* Information provided
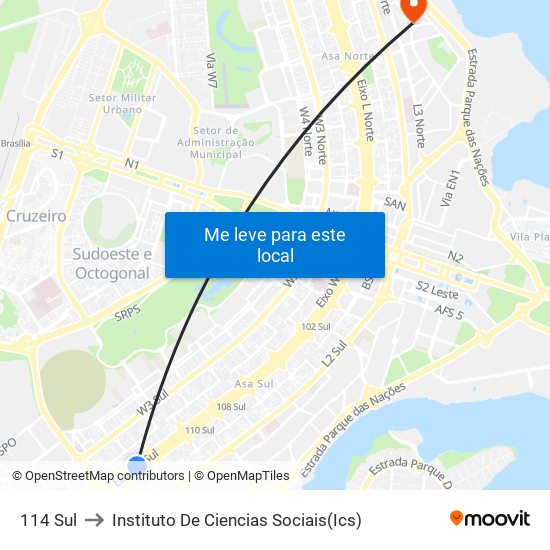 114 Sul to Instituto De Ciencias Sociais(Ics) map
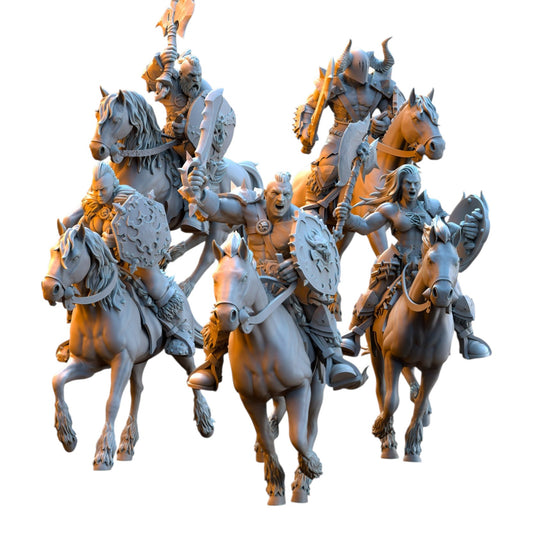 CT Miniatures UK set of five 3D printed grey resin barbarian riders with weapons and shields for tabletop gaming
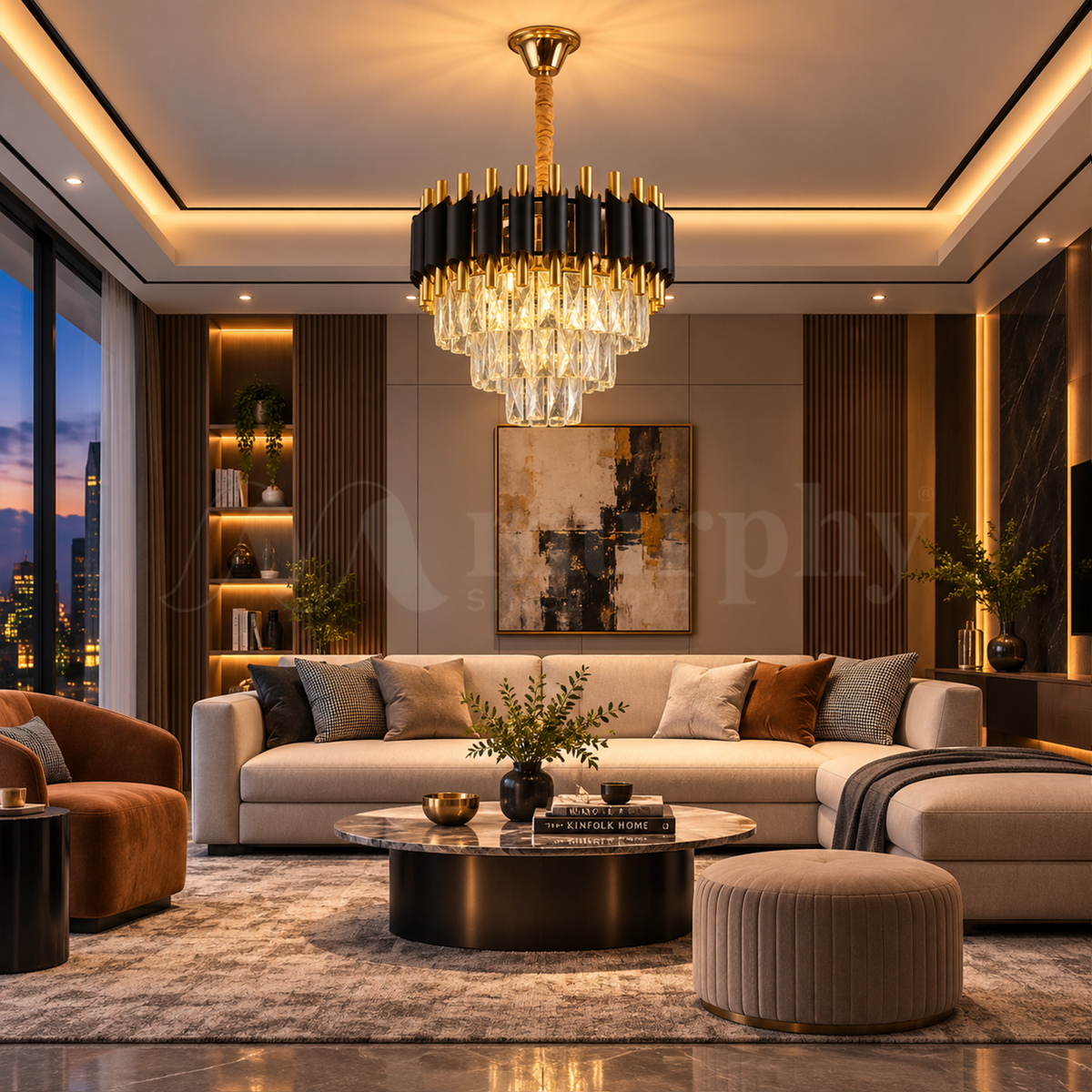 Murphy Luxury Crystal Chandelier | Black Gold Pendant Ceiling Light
==
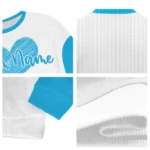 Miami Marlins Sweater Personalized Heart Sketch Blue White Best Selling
--
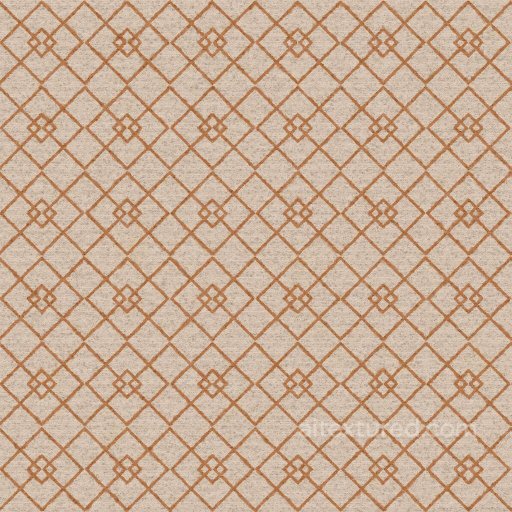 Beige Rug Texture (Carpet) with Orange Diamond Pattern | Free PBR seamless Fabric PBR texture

* Try it
Among the entries above, copy exactly the stretch from the line holding "114 Sul to Instituto" through the line holding "Murphy Luxury Crystal", leaving out any pictures.

* Written solution
 114 Sul to Instituto De Ciencias Sociais(Ics) map
 CT Miniatures UK set of five 3D printed grey resin barbarian riders with weapons and shields for tabletop gaming
 Murphy Luxury Crystal Chandelier | Black Gold Pendant Ceiling Light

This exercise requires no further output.